Correctly labelling people in a lineup

Question

I've been watching video's like this* where someone is asked to label a group of people. All people in a line have a label that is distinct from all the others in the line. The labeller receives $n$ signs with labels and gives all the people in the lineup one of those signs. For example: in the video below, there are five people in line. One from each of the following countries: Japan, Korea, Thailand, Vietnam and China. The labeller tries to guess where the individuals in the lineup come from.

In an attempt to understand how good the labellers are at labelling, I wanted to compute the expected number of correctly labeled individuals. Intuitively I would say 1, and in fact I was able to informally confirm this value with a computational approach. Let's rename the labels by choosing the following labels: $\{1,2,\ldots,n\}$. Without loss of generality I can claim $(1,2,\ldots,n)$ is the correct labelling of the lineup. Then I check the number of correctly labelled individuals by comparing $(1,2,\ldots,n)$ with all permutations of $\{1,2,\ldots,n\}$. I found that the expected number of assignments is indeed 1, regardless of $n$. However, although this value makes some sense, I'm not very happy with this computational approach and I'd rather see a more rigorous approach.

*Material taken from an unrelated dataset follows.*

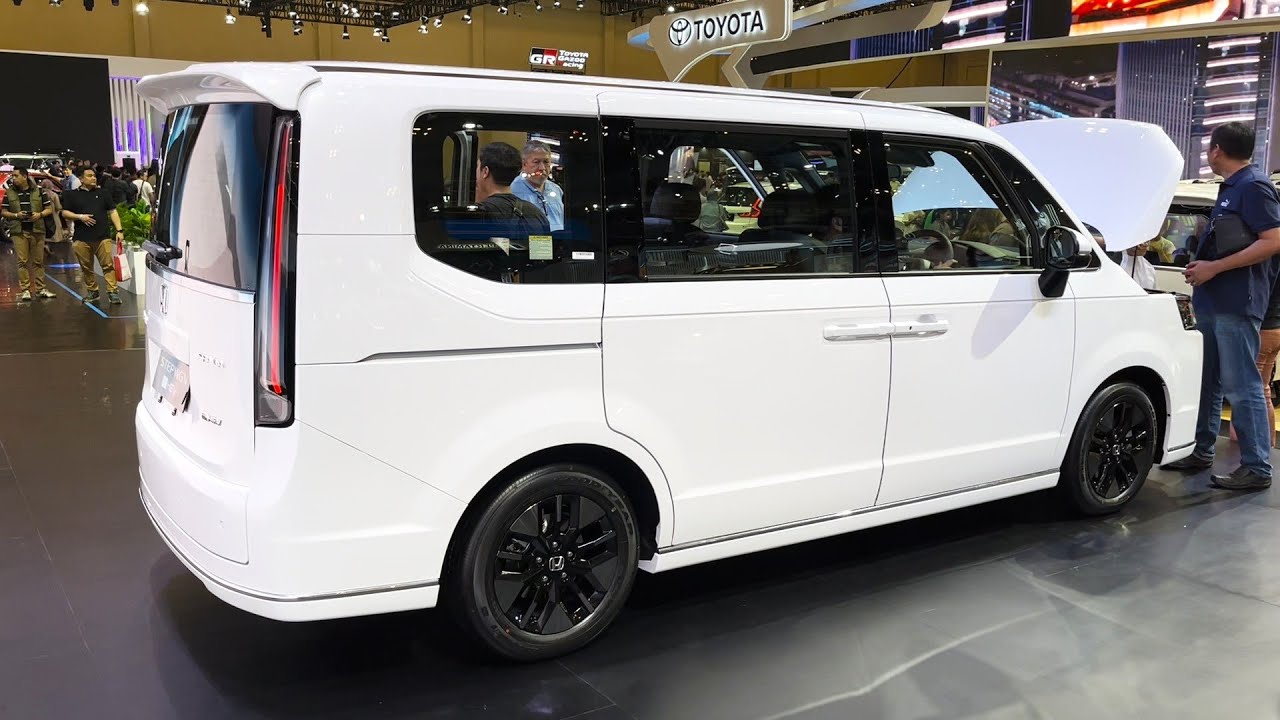 New 2026 Honda Stepwgn Spada - Spacious Hybrid Mini MPV - YouTube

Therefore my question is: how can I formally derive (and also intuitively understand) the expected number of correct assignments by the labeller?

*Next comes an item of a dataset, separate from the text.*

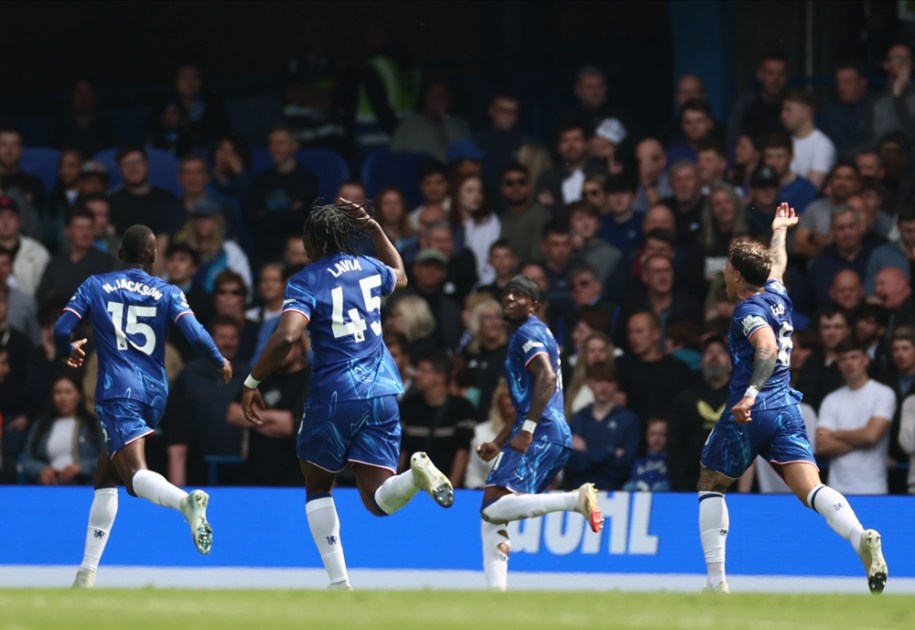 Jogadores do Chelsea comemoram o primeiro gol da equipe, marcado por Nicolas Jackson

*https://www.youtube.com/watch?v=POyEK5kb1OU&index=3&list=PLJic7bfGlo3qJcIXUJteaUm_3-3tgQSXw

Answer 1

The linearity of expectation justifies this. Among all permutations, the chance that the first person is correctly identified is $\frac 1n$. By symmetry, the chance each person is identified correctly is also $\frac 1n$. The expected number correct is therefore $n \cdot \frac 1n=1.$

Answer 2

Permutations by cycles with fixed points marked have species equation

$$\mathfrak{P}(\mathcal{U}\mathfrak{C}_{=1}(\mathcal{Z}) + \mathfrak{C}_{=2}(\mathcal{Z}) + \mathfrak{C}_{=3}(\mathcal{Z}) + \mathfrak{C}_{=4}(\mathcal{Z}) + \cdots)$$

and hence the mixed EGF of permutations under this scenario is

$$G(z, u) = \exp\left(uz - z + \sum_{q\ge 1} \frac{z^q}{q}\right) = \exp(uz-z) \frac{1}{1-z}.$$

Differentiate to get

$$\frac{\partial}{\partial u} G(z, u) = z \exp(uz) \exp(-z) \frac{1}{1-z}.$$

Set $u=1$ to get

$$\left. \frac{\partial}{\partial u} G(z, u) \right|_{u=1} = \frac{z}{1-z}.$$

These two operations will turn a term $u^q \frac{z^n}{n!}$ representing a permutation of $n$ elements having $q$ fixed points into $q\frac{z^n}{n!},$ and the latter generating function now sums the count of all fixed points, attaching them to $\frac{z^n}{n!}.$

Hence the expected number of fixed points is

$$[z^n] \frac{z}{1-z} = 1$$

confirming the observation by OP. We did not multiply by $n!$ when extracting the coefficient because we need to divide by the total number of permutations, which is $n!$, to get the expectation.